*** Opening PROVIDED INFORMATION ***

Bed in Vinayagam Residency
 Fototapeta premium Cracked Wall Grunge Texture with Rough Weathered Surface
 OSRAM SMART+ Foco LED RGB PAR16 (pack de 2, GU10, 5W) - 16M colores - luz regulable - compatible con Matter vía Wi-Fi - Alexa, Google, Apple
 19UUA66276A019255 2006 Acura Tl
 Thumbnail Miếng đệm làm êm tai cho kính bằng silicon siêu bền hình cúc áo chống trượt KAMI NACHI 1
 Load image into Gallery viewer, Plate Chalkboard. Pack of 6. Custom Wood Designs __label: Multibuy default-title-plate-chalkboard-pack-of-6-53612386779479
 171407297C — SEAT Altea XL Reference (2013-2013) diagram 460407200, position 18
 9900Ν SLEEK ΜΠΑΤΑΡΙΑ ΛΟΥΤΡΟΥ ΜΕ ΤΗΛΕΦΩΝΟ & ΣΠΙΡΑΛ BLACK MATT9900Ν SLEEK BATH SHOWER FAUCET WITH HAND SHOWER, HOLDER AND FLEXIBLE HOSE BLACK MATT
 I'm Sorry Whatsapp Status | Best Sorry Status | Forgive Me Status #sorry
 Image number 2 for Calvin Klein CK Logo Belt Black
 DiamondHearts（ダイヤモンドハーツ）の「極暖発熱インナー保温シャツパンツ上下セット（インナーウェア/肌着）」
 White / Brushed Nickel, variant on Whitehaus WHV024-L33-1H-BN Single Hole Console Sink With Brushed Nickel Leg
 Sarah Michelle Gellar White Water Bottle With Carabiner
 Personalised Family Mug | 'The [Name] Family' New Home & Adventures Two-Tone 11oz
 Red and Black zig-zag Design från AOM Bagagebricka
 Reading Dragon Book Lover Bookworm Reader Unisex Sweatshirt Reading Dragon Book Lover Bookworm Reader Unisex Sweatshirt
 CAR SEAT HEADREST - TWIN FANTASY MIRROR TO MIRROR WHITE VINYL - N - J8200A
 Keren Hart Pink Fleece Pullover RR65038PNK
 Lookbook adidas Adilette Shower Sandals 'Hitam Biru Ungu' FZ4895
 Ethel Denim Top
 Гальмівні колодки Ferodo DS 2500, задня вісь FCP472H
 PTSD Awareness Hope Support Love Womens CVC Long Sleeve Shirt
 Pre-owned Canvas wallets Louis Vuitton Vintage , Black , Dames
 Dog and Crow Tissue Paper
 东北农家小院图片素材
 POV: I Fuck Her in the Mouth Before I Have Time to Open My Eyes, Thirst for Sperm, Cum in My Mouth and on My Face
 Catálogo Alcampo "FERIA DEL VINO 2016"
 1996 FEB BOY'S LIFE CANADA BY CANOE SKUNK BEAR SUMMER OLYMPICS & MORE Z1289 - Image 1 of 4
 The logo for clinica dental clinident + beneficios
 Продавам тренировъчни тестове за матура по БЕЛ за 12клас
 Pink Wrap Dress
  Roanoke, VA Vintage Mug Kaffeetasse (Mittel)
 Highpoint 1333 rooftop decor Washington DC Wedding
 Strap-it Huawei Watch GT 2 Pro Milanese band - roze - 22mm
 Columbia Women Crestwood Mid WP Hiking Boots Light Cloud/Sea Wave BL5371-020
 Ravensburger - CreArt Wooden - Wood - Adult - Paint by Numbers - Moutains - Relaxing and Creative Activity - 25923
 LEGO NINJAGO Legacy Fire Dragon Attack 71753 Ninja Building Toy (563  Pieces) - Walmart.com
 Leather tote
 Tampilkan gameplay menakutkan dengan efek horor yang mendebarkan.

*** Closing PROVIDED INFORMATION ***

EXERCISE AIM:
Each line of the listing is to be repeated without alteration.

OUTPUT OF THE EXERCISE:
Bed in Vinayagam Residency
 Fototapeta premium Cracked Wall Grunge Texture with Rough Weathered Surface
 OSRAM SMART+ Foco LED RGB PAR16 (pack de 2, GU10, 5W) - 16M colores - luz regulable - compatible con Matter vía Wi-Fi - Alexa, Google, Apple
 19UUA66276A019255 2006 Acura Tl
 Thumbnail Miếng đệm làm êm tai cho kính bằng silicon siêu bền hình cúc áo chống trượt KAMI NACHI 1
 Load image into Gallery viewer, Plate Chalkboard. Pack of 6. Custom Wood Designs __label: Multibuy default-title-plate-chalkboard-pack-of-6-53612386779479
 171407297C — SEAT Altea XL Reference (2013-2013) diagram 460407200, position 18
 9900Ν SLEEK ΜΠΑΤΑΡΙΑ ΛΟΥΤΡΟΥ ΜΕ ΤΗΛΕΦΩΝΟ & ΣΠΙΡΑΛ BLACK MATT9900Ν SLEEK BATH SHOWER FAUCET WITH HAND SHOWER, HOLDER AND FLEXIBLE HOSE BLACK MATT
 I'm Sorry Whatsapp Status | Best Sorry Status | Forgive Me Status #sorry
 Image number 2 for Calvin Klein CK Logo Belt Black
 DiamondHearts（ダイヤモンドハーツ）の「極暖発熱インナー保温シャツパンツ上下セット（インナーウェア/肌着）」
 White / Brushed Nickel, variant on Whitehaus WHV024-L33-1H-BN Single Hole Console Sink With Brushed Nickel Leg
 Sarah Michelle Gellar White Water Bottle With Carabiner
 Personalised Family Mug | 'The [Name] Family' New Home & Adventures Two-Tone 11oz
 Red and Black zig-zag Design från AOM Bagagebricka
 Reading Dragon Book Lover Bookworm Reader Unisex Sweatshirt Reading Dragon Book Lover Bookworm Reader Unisex Sweatshirt
 CAR SEAT HEADREST - TWIN FANTASY MIRROR TO MIRROR WHITE VINYL - N - J8200A
 Keren Hart Pink Fleece Pullover RR65038PNK
 Lookbook adidas Adilette Shower Sandals 'Hitam Biru Ungu' FZ4895
 Ethel Denim Top
 Гальмівні колодки Ferodo DS 2500, задня вісь FCP472H
 PTSD Awareness Hope Support Love Womens CVC Long Sleeve Shirt
 Pre-owned Canvas wallets Louis Vuitton Vintage , Black , Dames
 Dog and Crow Tissue Paper
 东北农家小院图片素材
 POV: I Fuck Her in the Mouth Before I Have Time to Open My Eyes, Thirst for Sperm, Cum in My Mouth and on My Face
 Catálogo Alcampo "FERIA DEL VINO 2016"
 1996 FEB BOY'S LIFE CANADA BY CANOE SKUNK BEAR SUMMER OLYMPICS & MORE Z1289 - Image 1 of 4
 The logo for clinica dental clinident + beneficios
 Продавам тренировъчни тестове за матура по БЕЛ за 12клас
 Pink Wrap Dress
  Roanoke, VA Vintage Mug Kaffeetasse (Mittel)
 Highpoint 1333 rooftop decor Washington DC Wedding
 Strap-it Huawei Watch GT 2 Pro Milanese band - roze - 22mm
 Columbia Women Crestwood Mid WP Hiking Boots Light Cloud/Sea Wave BL5371-020
 Ravensburger - CreArt Wooden - Wood - Adult - Paint by Numbers - Moutains - Relaxing and Creative Activity - 25923
 LEGO NINJAGO Legacy Fire Dragon Attack 71753 Ninja Building Toy (563  Pieces) - Walmart.com
 Leather tote
 Tampilkan gameplay menakutkan dengan efek horor yang mendebarkan.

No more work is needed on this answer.